ARCANE: Omega (2020)
“One last too beautiful album, just for us to live a few happy moments before realizing that it is a swan song from another legend”
1 Omega-pt.1 (19:40)
2 Omega-pt.2 (5:41)
3 Omega-pt.3 (16:37)
4 Omega-pt.4 (9:11)
(DDL 51:10) (V.F.)
We all know Paul Lawler for his bemusing story of the spectral link between Arcane and Tangerine Dream. On December 11, he dropped a little bomb on social networks! OMEGA will be Arcane's last album, at least for a long time, and offers a hybrid EM style by tying the 70's and 80's style together in the Berlin School genre. Everything to attract the Berlin School aficionado in us! And knowing the history of Arcane, would it be an album marked with the Tangerine Dream seal? We don't waste time to know the answer!
The opening of Omega Part 1 places us in a cave near an ocean and its drizzle that scourges our empty heads and our senses waiting for a next sonorous feast. It begins with a haunting flute and piano notes that fade into a sharp synth line. An expected expectation sets in at the same time as the sounds are conveyed with the parsimony of an apprehension which justifies our greed. The sequencer comes out at the same time as the chants of interstellar whales around the 3 minutes. The movement is fluid and is flowing with a chthonic harmonic approach that guitar chords adorn with an essence of Edgar Froese emerging from his hibernation. Little by little, Omega Part 1 brings us into the cosmic Palace of the late Edgar with a mix of samplings and tunes that flirt between A Dali-Esque Sleep Fuse and It Would Be Like Samoa from the Stuntman album. Going up and down, the rhythm picks up the pace to imitate these rhythmic trains of the Berlin School, going straight ahead under sound artifices stamped with the Froese seal and many wink to TD's music. The sound of the sequencer is very analog on a structure which seems to me close to the 80's. The guitar only throws riffs in a cortex of chthonian voices to leave its empty space for a splendid flute and its ambient air in a first atmospheric bridge which starts around 10 minutes. A reverberating wave rises in order to reset the rhythmic structure 3 minutes later. More pulsating, it once again welcomes flute fragrances whose harmonies make this transition a passage that surprisingly resembles It Would Be Like Samoa. Let's say it's a big 19 minutes that fulfills its promises. Omega Part 2 offers a good catchy electronic rock with a spheroidal structure whose harmonic loops are covered with luminous pads. The percussions join this rhythmic melody turning in loops, initiating the part of the synth which develops very good solos. The percussive effects which echo the percussions, this melodious ritornello which obsesses our senses and the vibrating tone of the synth in its solos explain why electronic music is so beautiful!
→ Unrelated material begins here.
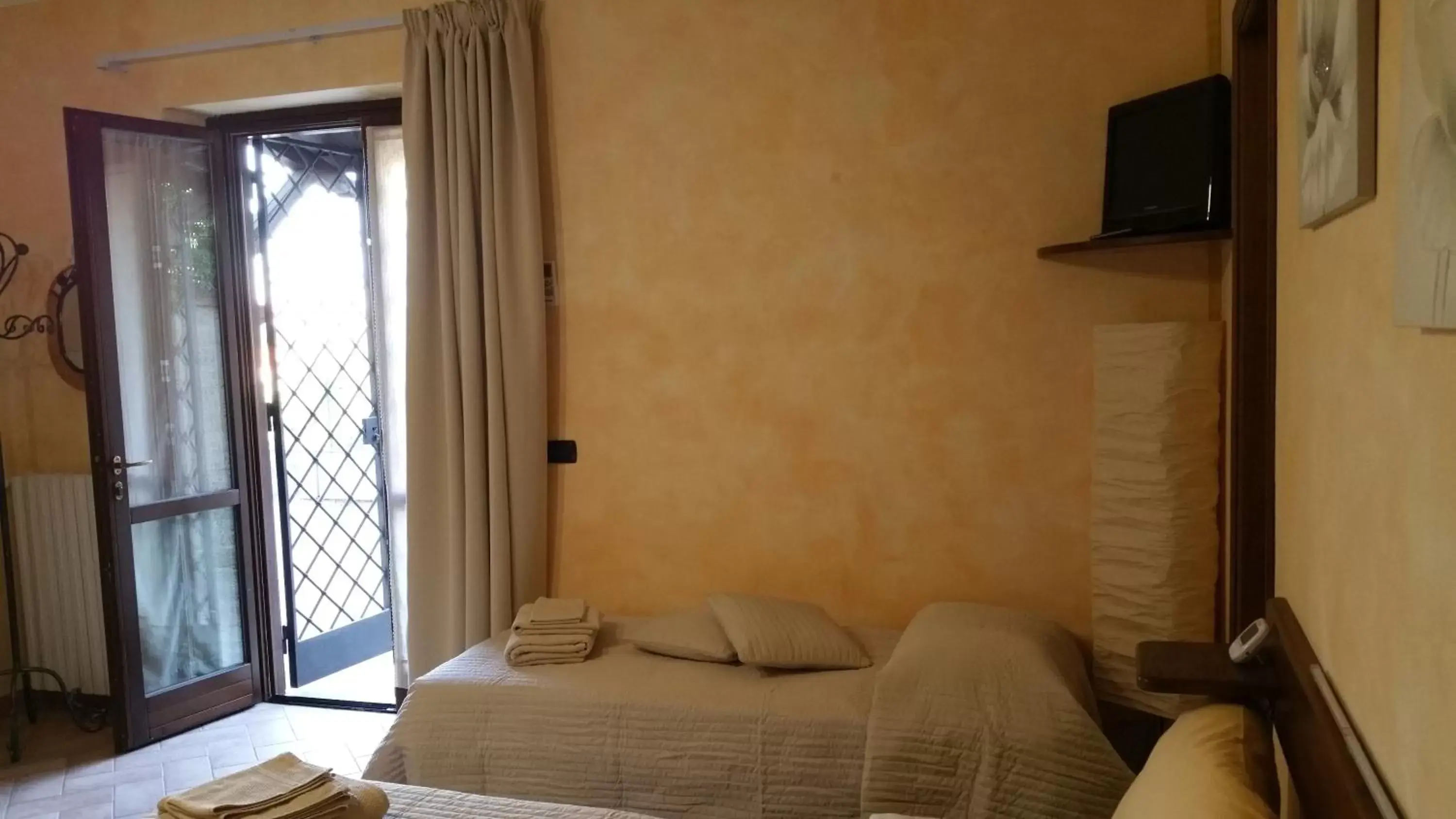 Photo of the whole room, Bed in Civita Nova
Omega Part 3 is composed in the mold of Omega Part 1, that is to say with samples of Tangerine Dream which this time visit the Tangram era. First of all, it's the part of Johannes Schmoelling on piano that is sampled here. It follows a bed of reverberations filled with organic matters, as wooshh and waashh filled of drizzles. A layer floating of its prismatic color initiates the first phase of rhythm which is designed to support other fluty harmonies and a fusion of line and effects with the scent of musical drizzles. The Mellotron dominates this segment with voice effects and tunes from an enchanting flute which lead us to a second atmospheric bridge. The suite combines a mix of Tangram's second half to Mojave Plan slamming part in an astonishing finale. This is an awesome track built around TD's memories. Omega Part 4 starts with this cool bank of mist blooming in White Eagle's overture. The bank of hazy voices escorts a line of nasal synth which traces beautiful sighs imbued with esotericism. The flute returns to take its place well installed on a thick layer filled with dense tones. The sequencer gets out of it to create a slightly zigzagging rhythm, a question of avoiding the traps of resonant chords. Guitar riffs and sequenced harmony are embedded in this title where everything now revolves around this melodious rhythm where effects of Le Parc adorn the curves.
This last rendezvous with Arcane takes place under the sign of its legend. OMEGA returns to its roots, while a passage from our universe to a parallel universe made the communications between the band of Edgar Froese and that of Max Richter complacent. A very nice album. One last too beautiful, just for us to live a few happy moments before realizing that it is a swan song from another legend.